This is simple. There is nothing wrong with shooting any deer that comes into your sights. Everyone hunts for different reasons. Meat, horns, management, etc. etc. I won't rag on someone for killing a young deer. I do it myself.....much better meat. Obviously if your goal is a mature whitetail, then you won't kill young ones. If you don't care, have the time, or resources to go after mature deer, then any deer you kill is a trophy. Not everyone has the opportunity to hunt a private piece of land multiple times a week. (which is what it takes for mature deer, TIME IN THE WOODS) Some people can only hunt for one weekend! God bless them if they get a shot on any deer during that weekend. My brother lives in Philadelphia and is coming home for thanksgiving. We plan on hunting together, and to be honest, any deer he kills will be a memorable trophy for both of us. He's killed bucks, does, and yearling in the past, but that doesn't matter anymore. Since he has moved to phila. he hasn't been able to enjoy the same yearly traditions that we shared growing up. I manage my property, but the first deer he sees, he's got the green light to nail it, and I hope he does. But it's his decision in the end. It's not always about the horns, sometimes it's a little deeper than that. Your goals are probably similar to mine in many aspects, however there is never a reason to belittle other hunters, for their opinion of a "trophy" animal. We need to stick together, sportsman as a whole. With these socialists pigs in the white house, there is no telling what kind of liberties they will try to strip from us next. We all need to stick together to defeat these libs, and keep our rights from being infringed on, so that our children, and children's children can still experience the things that make us so proud to be american.


----------



## Papascott (Apr 22, 2004)

jrsfish said:


> Personally, I would be embarrased to drag out a yearling,I see them shot on public land all the time,and you wonder why the deer numbers are down on public land,just my personal opinion.

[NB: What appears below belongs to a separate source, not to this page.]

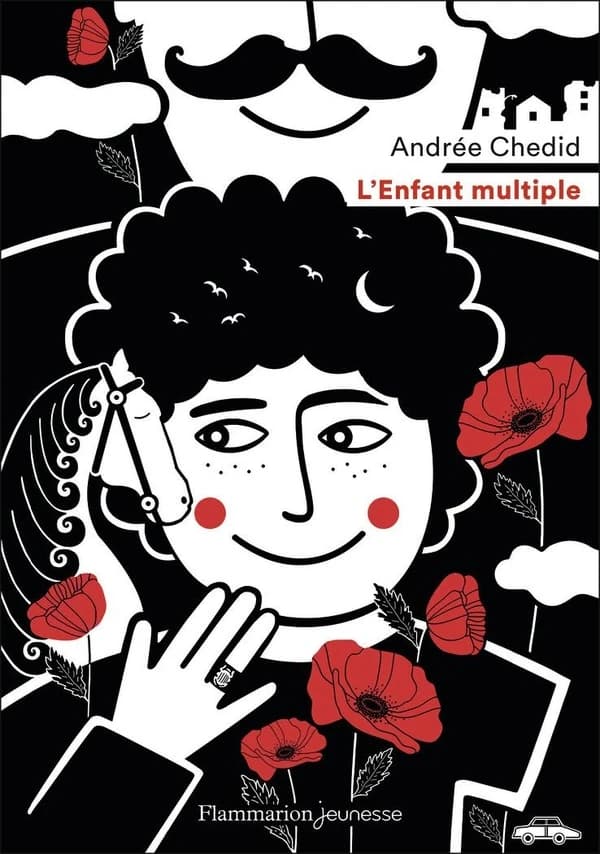L'enfant multiple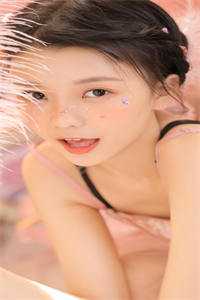 重生后，我纨绔也能掀起商界风波全集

First why drag a yearling just carry it  2nd where in the world did you come up with the deer numbers being down anywhere in Ohio? 3rd if you shoot a yearling you take outone deer from the following years herd. If you shoot a sexually mature does odds are its 3 deer gone from the following year, unless she dies of old age.

Shoot what's legal and makes you happy but don't judge others for their legal harvest of any animal.


----------



## jeffmo (Apr 7, 2004)

kprice said:


> Do not tell me to keep my comments to myself because you do not agree with me. I am voicing my opinion on the subject whether you guys agree or not, and this is a subject that I feel very strongly about.
> Shooting big bucks consistently means you are a pretty dang good hunter, and I can't think of a better way to judge a hunter...There is estimated over 700,000 deer in the state of Ohio, and the season is longer than ever, and the population is growing. Do you really mean to tell me that with all of the season that you can't be patient enough to shoot a mature deer?
> Hunters have a longer gun season now, and a longer bow season. It is almost too easy to get a deer now a days.


but by the statement you just made you're treating everyone else the same way you DON'T want to be treated.
my way of judging a good hunter is anyone who tags out consistantly,obeys the laws and represents our sport in a good light.
any tag filled is a successful hunt,a great season and alot of great meals.


----------



## saugeyesam (Apr 20, 2004)

jeffmo said:


> but by the statement you just made you're treating everyone else the same way you DON'T want to be treated.
> my way of judging a good hunter is anyone who tags out consistantly,obeys the laws and represents our sport in a good light.
> any tag filled is a successful hunt,a great season and alot of great meals.


I guess by what this he is ranting about only those who consistently kill mature bucks are "good" hunters. So because I'd prefer filling all my tags on does that must make me a bad hunter? Sounds like this guy is looking to justify thumping his chest to inflate his ego. He has totally missed the point trying to be made. I could care less what age/gender/rack score anyone's deer is. As long as it was legal and ethical what makes the difference. And the comment about the longer gun and bow seasons is a mute point because your only gaining about 2 weeks if that. Don't brow beat me because I'd rather feed my family than stare at antlers on a wall. Get over yourself dude. 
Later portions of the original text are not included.